So it seems like I should just follow those guidelines when shopping around? Looking for current transformer sensors, seems like the bulk of them all have 13mm x 13 mm openings.

Hmmm… Their https://archlinuxarm.org/ page shows:

We build optimized packages for soft-float ARMv5te, hard-float ARMv6 and ARMv7, and ARMv8 AArch64 instruction sets to use each platform to its full potential.

so maybe they’re still in the game.

Given a two year-old house it’s almost a sure-bet your SEWs are 4\0 Aluminum.

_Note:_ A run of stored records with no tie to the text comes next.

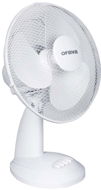 Orava SF-13 - Ventilátor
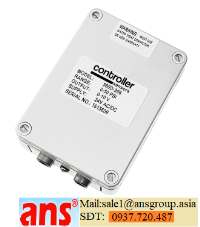 dau-do-ap-suat-pressure-transducer-560d-controller-sensor-vietnam.png
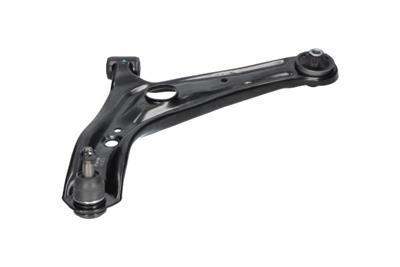 KAVO PARTS SCA-9017 EAN: 8715616027564.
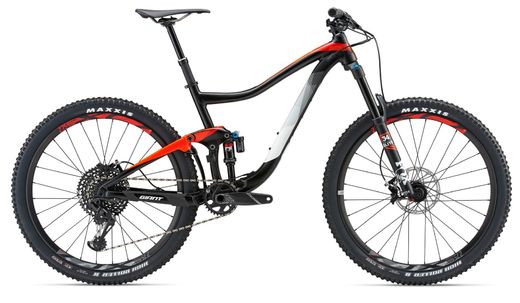 Giant 18 Trance 1 GE satin black neon red 81999.jpg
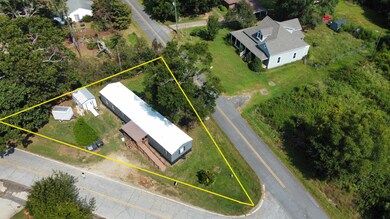 312 E Union St, Chesnee, SC 29323 - photo 6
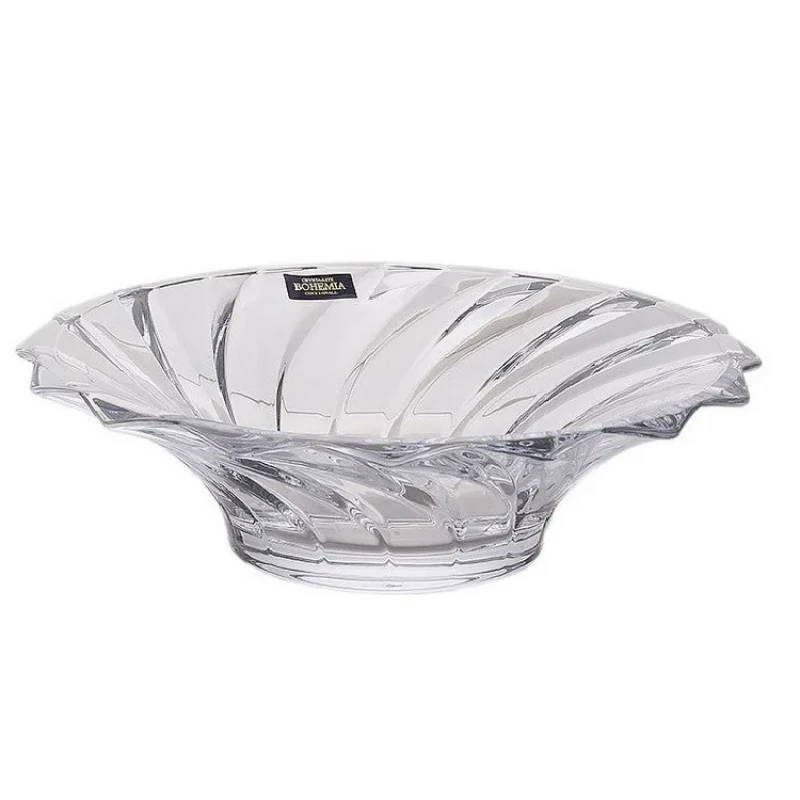 میوه خوری بوهمیا مدل تورنادو کد 550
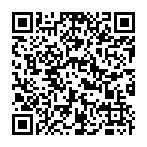 C&oacute;digo QR con el enlace al titular Moda Vs seguridad: China prohíbe estas manillas en los coches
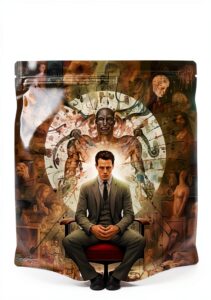 Revelation Press Psychology eBook Anxiety Phobias Counseling-0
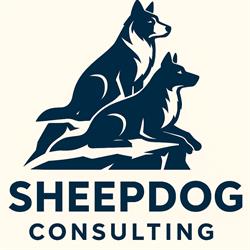 Sheepdog Consulting
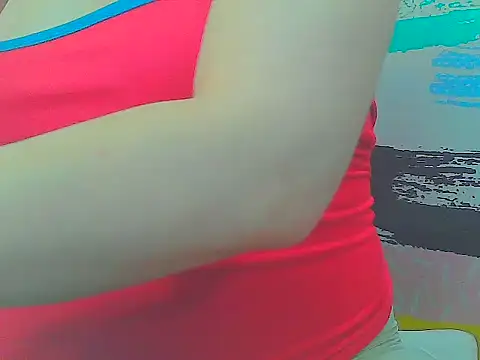 keepmepregnantT live XXX chat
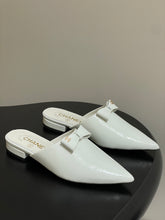 China Replica Chanel Women Shoes 91usd Only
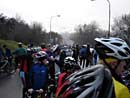 Chumel cyklist�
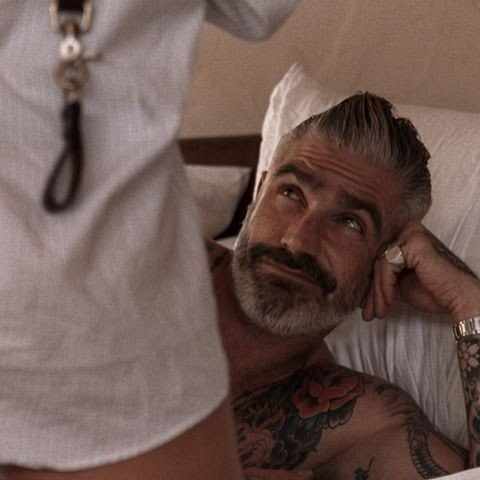 Priya : Daddy's little girl 🔞🔞🔞🔞🔞💋💋💋💋💋💋💋🌶️🌶️🌶️🌶️🌶️🌶️🌶️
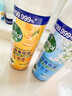 滴露（Dettol）消毒喷雾鞋子除臭杀菌马桶消毒厕所杀菌除味酒精454ml*2铃兰+柑橘 实拍图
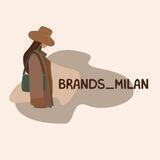 brands_milan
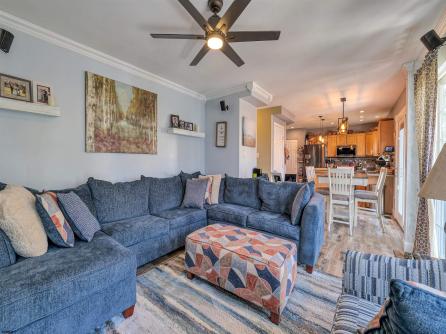 5046 #A Fernwood, Egg Harbor Township, NJ, 08234 Aditional Picture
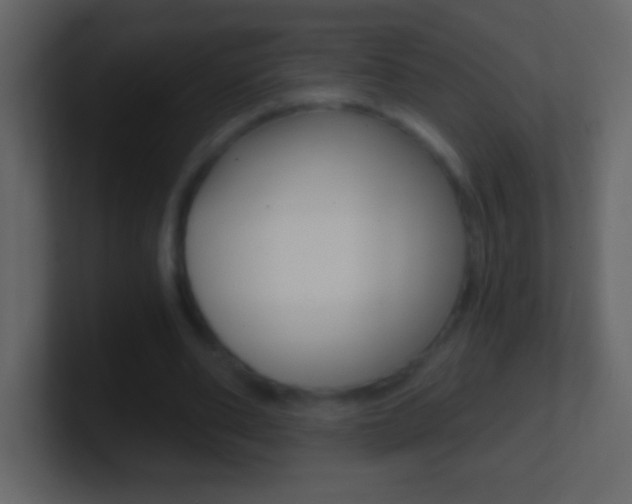 X0000101440486200807071030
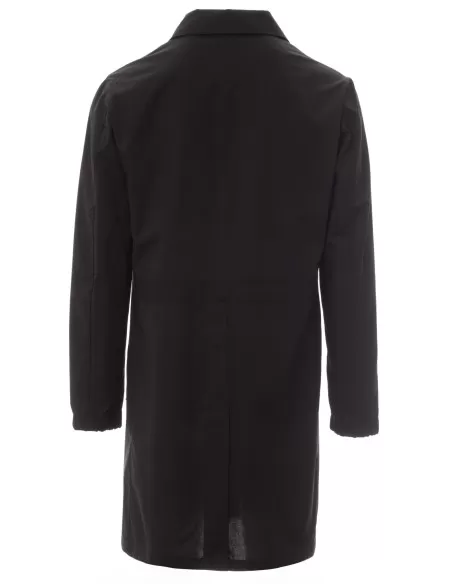 Chemise De Travail Homme En Coton Payper Lab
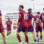 « Physiquement, on a passé un cap »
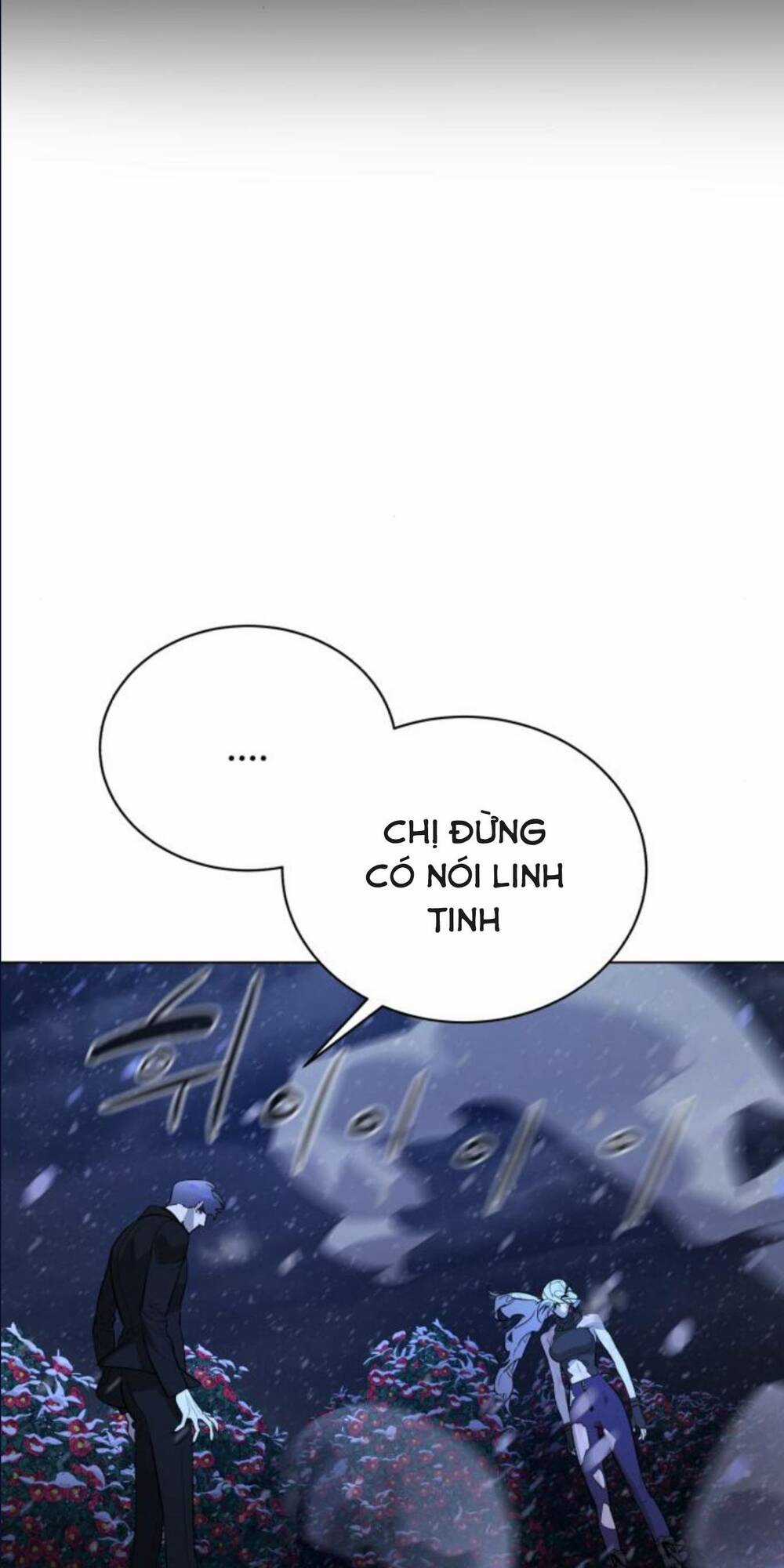 Máu Trắng Chapter 86 trang 27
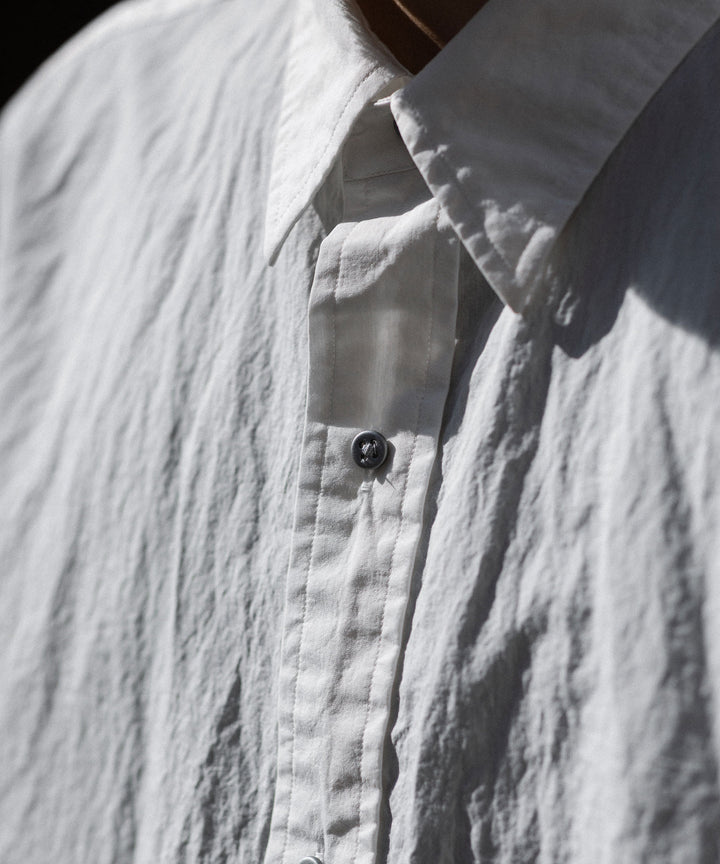 paratrait パラトレイトのLINE SHIRTの公式通販サイトsession福岡セレクトショップ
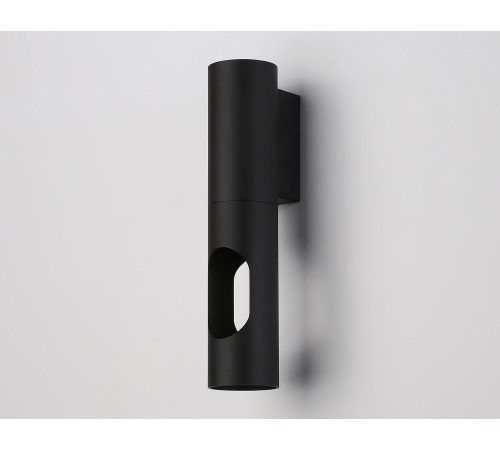 Бра Ambrella Light TN5102 TN Бра Ambrella Light TN5102 TN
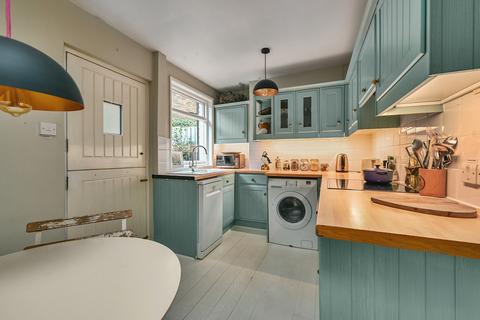 2 bedroom cottage for sale, Wish Ward, Rye, East Sussex TN31 7DH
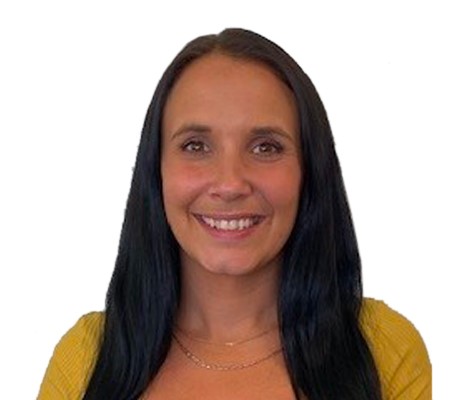 Frédérique Jourdain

Magnelab, as well as others make a CT that has a 0.75 x 0.75 inch wire-window:

That particular “form-factor” - the physical size/shape - is in common use and is easy to find.
The downside is the majority of what’s available, is the 333mV variant. You want an unburdened CT, i.e one with no internal burden resistor. They are available, but aren’t as common as the millivolt variety.

Continental Control Systems is another supplier of CTs of that form factor and has a version
with a 1 Volt output. While not the best choice for the job, 1.0 Volts doesn’t miss Robert’s
recommendation of 1.1 Volts by much.

You haven’t said just how much of a hardware tinkerer you are, but from your description
of what you’ve done/are going to do with your PogoPlug, it sounds as if you like to hack on
the hardware too.

You might want to take a look at this:
https://www.ntc-tech.com/product/sunpower-continental-control-systems-wnc-3y-208-mb-wattnode-modbus_26899

It’s one helluva deal at 45 bucks. The two 100 Amp CTs included, sold for 47 smackers apiece,
and the unit itself normally retails for ~325 bucks. On top of that it’s new not used.
It uses RS-485 Modbus to deliver its data, which is nice because it’s a robust noise-immune protocol that can be put on common twisted pair copper (I use speaker wire with good results)
at distances up to 4000 feet. USB to RS-485 adapters can be had cheap too. We’re talkin’ like
4-5 bucks cheap.

To repeat myself - there is a big list on the “Using the emonTx in North America” page, along with details of what has to be done to make them work correctly.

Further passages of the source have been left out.